By Juan Cole | (Informed Comment) | – –
From all accounts, most people in Fallujah are very happy about being out from under the murderous and puritanical rule of Daesh (ISIS, ISIL). But Daesh took the city in January of 2014 for a reason. Locals did not put up much of a fight to keep them out. The Sunni Dulaym tribe predominates in Fallujah, and they have not since 2003 felt that the Iraqi government truly represents them. They think it is a cat’s paw of Shiite Iran.
The social consequences of the conquest of Fallujah are considerable, with hundreds of thousands of fleeing the city in recent months and 20,000 streaming out of it just on Saturday. Fears of outbreaks of cholera in refugee camps with no running water are heightening.
But an increasing number of Sunni Arab Iraqis are putting out calls for the partition of Iraq.
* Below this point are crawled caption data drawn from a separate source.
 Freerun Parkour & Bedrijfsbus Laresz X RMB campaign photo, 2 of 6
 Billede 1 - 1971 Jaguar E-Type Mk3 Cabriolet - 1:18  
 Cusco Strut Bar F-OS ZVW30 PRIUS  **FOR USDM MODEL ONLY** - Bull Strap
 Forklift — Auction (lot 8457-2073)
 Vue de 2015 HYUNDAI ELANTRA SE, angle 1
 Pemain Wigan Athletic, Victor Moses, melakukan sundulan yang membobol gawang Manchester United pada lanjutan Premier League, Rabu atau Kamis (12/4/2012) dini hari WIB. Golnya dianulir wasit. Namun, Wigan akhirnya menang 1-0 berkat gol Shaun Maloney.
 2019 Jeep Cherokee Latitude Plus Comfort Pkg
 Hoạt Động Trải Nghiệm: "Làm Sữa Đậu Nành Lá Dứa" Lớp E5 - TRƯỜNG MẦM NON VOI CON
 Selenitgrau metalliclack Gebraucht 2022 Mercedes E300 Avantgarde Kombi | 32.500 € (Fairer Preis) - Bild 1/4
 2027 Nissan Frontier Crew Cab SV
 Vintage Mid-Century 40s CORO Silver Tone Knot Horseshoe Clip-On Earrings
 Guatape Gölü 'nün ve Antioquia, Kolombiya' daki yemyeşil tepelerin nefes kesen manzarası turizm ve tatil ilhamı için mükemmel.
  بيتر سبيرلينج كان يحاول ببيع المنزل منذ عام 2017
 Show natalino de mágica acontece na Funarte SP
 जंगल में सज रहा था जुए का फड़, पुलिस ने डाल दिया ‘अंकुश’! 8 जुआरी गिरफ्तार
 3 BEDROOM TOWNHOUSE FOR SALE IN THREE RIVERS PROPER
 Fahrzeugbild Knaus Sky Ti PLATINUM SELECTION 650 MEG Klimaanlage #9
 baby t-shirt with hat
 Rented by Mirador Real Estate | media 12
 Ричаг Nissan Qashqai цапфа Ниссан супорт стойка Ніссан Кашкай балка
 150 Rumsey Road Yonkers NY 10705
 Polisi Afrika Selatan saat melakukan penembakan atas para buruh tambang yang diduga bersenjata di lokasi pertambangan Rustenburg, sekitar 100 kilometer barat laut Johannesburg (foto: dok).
These include the tribes of northern Ninewah Province, where the large city of Mosul is situated.
A high Kurdish official in Iraqi Kurdistan has also called for partition once the Daesh insurgency is quelled.
Ominously, the Badr Corps has ruled out so much a partition. Badr was originally trained by the Iranian Revolutionary Guards Corps, and is a Shiite fighting force, one of the more effective.
This configuration is dangerous. You have nationalist Kurds, hopeless Sunni Arabs and militantly nationalist Shiites. The Shiites, at 60% of the country, probably have the social and economic weight to keep at least the Arab areas together. But it could be a sullen, cold-shoulder unity.